現在使われている車載型の警察無線機は、本体と液晶表示部、操作パネルがそれぞれ分かれているセパレート式となっているため、取り付け位置の自由度は比較的高め。
たとえば、日産のV35スカイラインなどでは助手席側足元に無線機本体を縦に設置するのが当時流行りましたが、ラジオライフ2009年5月号の記事では機動捜査隊V35中期型覆面の“イレギュラーな装着”として、元からあった格納装置ごとごっそり取り外された上で、助手席のグローブボックス内にAPRの操作パネル部が秘匿設置された写真が掲載されています。
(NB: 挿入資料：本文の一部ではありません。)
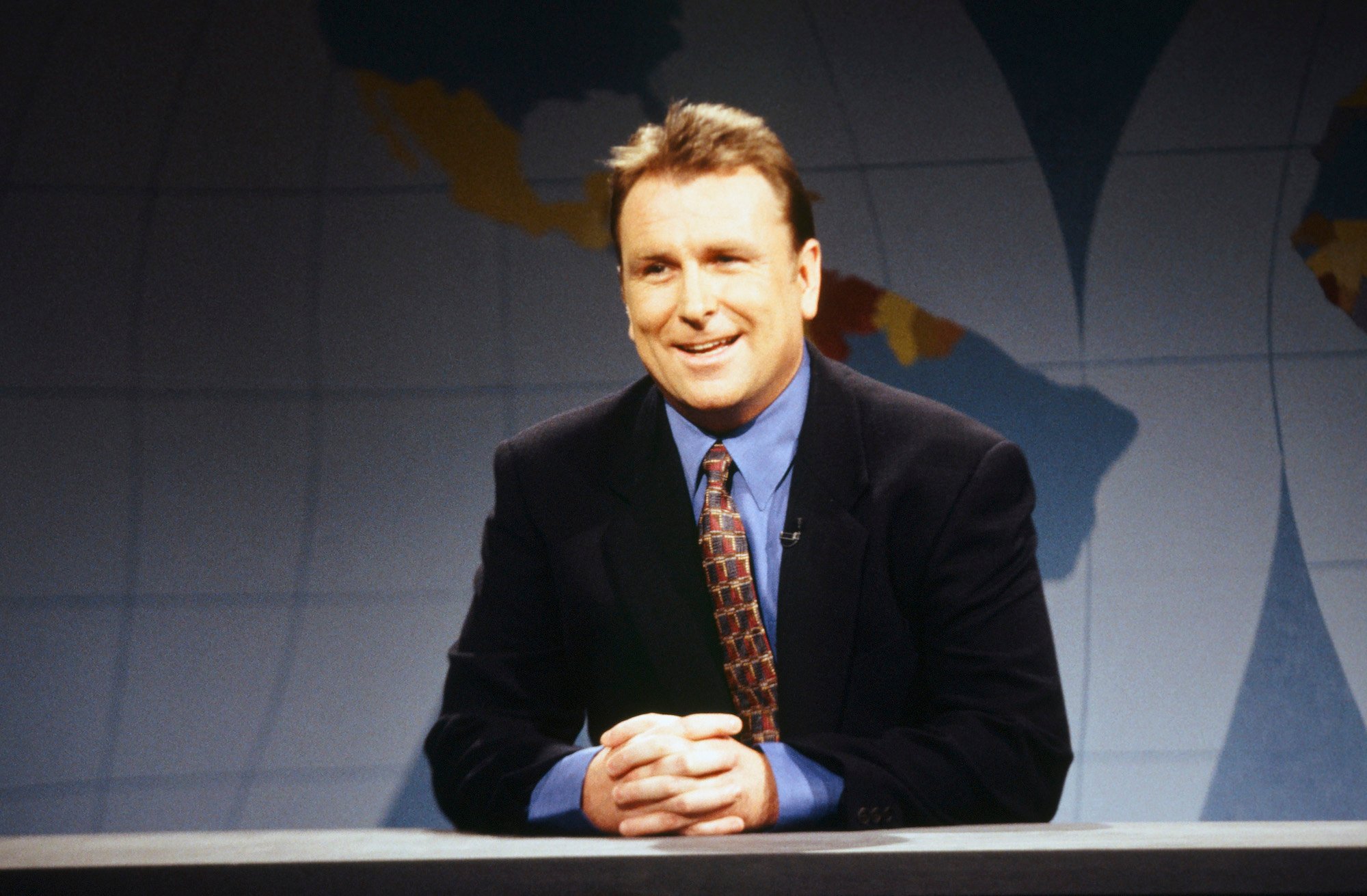 Colin Quinn sits at the SNL Weekend Update desk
このようなパネルの移設について、大井松田吾郎氏は「乗員が、あの大きな格納装置に収められた無線機を足で蹴ってしまわないようにするためではないか」と推測しています。
とはいえ、車の外観だけで覆面パトカーだと見抜かれてしまう状況では、車内の無線機だけを隠しても意味がないのではないか、というのが氏の見方です。
この“グローブボックス内への操作部設置”という方法は、当時は例外的なものとされていましたが、その後に導入されたキザシでは標準的な装備になっていきました。
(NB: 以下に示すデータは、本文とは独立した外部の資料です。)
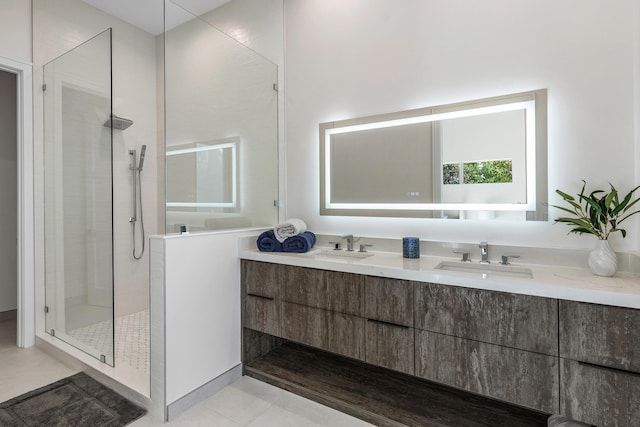 bathroom with tiled shower, vanity, and tile patterned flooring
1980年代には、“無線機の上に白いタオルをかけて隠す”のが覆面パトカーの定番スタイルだったのですが、今では“スマート”という名の、やや味気ない手法に変わってきているようです。

覆面V35スカイラインの車内。着脱式赤色灯の電源は助手席側設置のメタルコンセントから給電している。メタルコンセントには『探索灯』をつなぐこともある。センターコンソールにはサイレンアンプ、また『カーロケナビ』を設置している。さて、警察無線機の操作部はどこでしょう?撮影/Ypy31氏
そして2の警光灯とは、当然捜査用覆面パトカーなので”着脱式赤色警光灯”であるが、流線型一灯式と指定。
また、その電源ソケット(メタルコンセント)については二ヶ所設けるように指定されていますが、着脱式赤色警光灯のほか、探索灯の使用を想定しているためと見られます。
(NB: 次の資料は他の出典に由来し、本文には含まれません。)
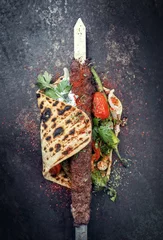 Plexiglas foto achterwand Traditional Adana kebap on a skewer with tomato and yogurt on a flatbread © HLPhoto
なお、一部の警察本部では機動捜査用車(覆面パトカー)に赤色灯を二つ載せる場合も。
警光灯の作動スイッチについては、サイレンアンプと連動させたタイプが指定されており、センターコンソール内に収めるよう指示されています。
また、「電源コード用クランプ」とは、警光灯のコードを挟んで固定するための、いわゆる「ピラークリップ」のこと。これは通常、捜査用覆面パトカーのAピラーに取り付けられています。
正面から見た際に、捜査用覆面パトカーとしてもっとも目立つ装備のひとつであるため、シビアな現場での運用が求められる特殊事件捜査用の車両では、あえて取り付けない例も多く見られます。
一方で、ピラークリップにお守りや私物と思われる巾着袋をぶら下げている覆面車も存在しており、目立つことをあえて気にしていないような便利なクリップとして使用するケースも確認されています。もちろん、反転式の警光灯を備える交通覆面車には、このような装備は基本的に使われていません。
興味深い点として、「十分な強度を持った収納ケース」の装備まで求められていることが挙げられます。これは、パトライト社の純正品である「HKFM型用収納袋SKF-001」が該当するのではないかと考えられます。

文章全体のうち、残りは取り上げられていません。